Avoid this film at all costs.

Actually, that’s a bit harsh. It’s not terrible but it’s just not very good. An American Haunting is a film version of the allegedly true events that took place in the early 19th century, apparently witnessed by President Andrew Jackson himself (although that doesn’t feature in the film). It’s been adapted by Canadian filmmaker Courtney Solomon who wrote, produced and directed the film. His directing C.V. basically reads “Dungeons and Dragons” (yes, that diabolically bad film with Jeremy Irons hamming it up) and this. I wish I had known that before I started.

The directing is passable. I will admit to jumping a couple of times (even once at a cheap hand on shoulder fright) but that was not so much down to a masterly build up of tension as the musical score and the crashing violins that were put to fairly good effect.
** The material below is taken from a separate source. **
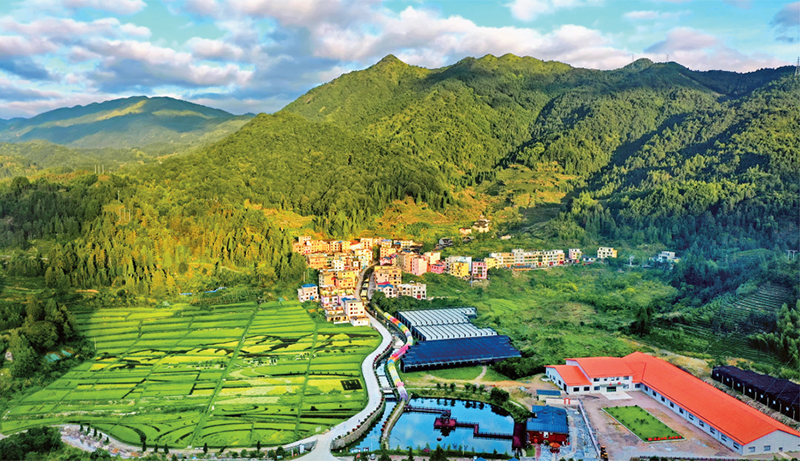 林茂田豐、天藍水清的“七彩”后洋村。 寧德市委宣傳部供圖 （2023年第24期《求是》雜志刊發）
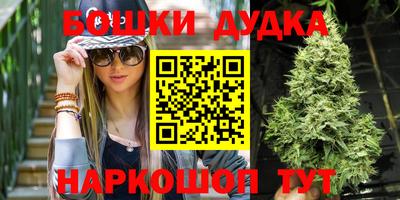 индика Балашиха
The rest of the directing is pretty much the same - lots of ghost (or “entity” as they call it) POV shots that fly around the room buzzing the occupants who all do their best to look askance and perturbed and plenty of colour fade outs to bleached shots or black and white. Either that or my DVD player is on the blink. The problem is that that’s all there was and it wasn’t enough to sustain any suspense. I know Robert Rodriguez has got this thing about “don’t ever keep the camera still” but I think you have to at times. Otherwise you spend too much time trying to take in new information and in a suspense film this is counter productive. You need to be subtle and the camera direction in this film was anything but.

The writing also suffered from repetition. There was no escalating conflict, merely the same “girl gets abused by ghost - again” or “witnesses witness ghost again”. If there were any subplots, I missed them. The increase in terror and threat - I think - came from the fact that the ghost started off by being silent and then it started speaking. As for any final showdown or confrontation - forget about it. The explanation comes after absolutely no effort on the part of any of the characters (or perhaps very little effort on the part of Donald Sutherland’s character.) It’s like “Why are we being haunted so?” “You know why!” “Oh yeah, so we do. I’d totally forgotten about that!” followed by a collective slapping of heads and a “Of course!” Oh, and the story is all told as narration that’s the diary of one of the characters being read by some women in modern times. I have absolutely no idea what that was all about!

And spooky little girls with long dark hair? So done to death (no pun intended)!

The only redeeming thing about the whole film were the performances. Donald Sutherland is always watchable and Sissy Spacek gave a good turn as his wife. The supporting cast fulfilled their aghast and dumbfounded expressions adequately and, well, that was about it. All in all, not a terrible film - just not particularly good.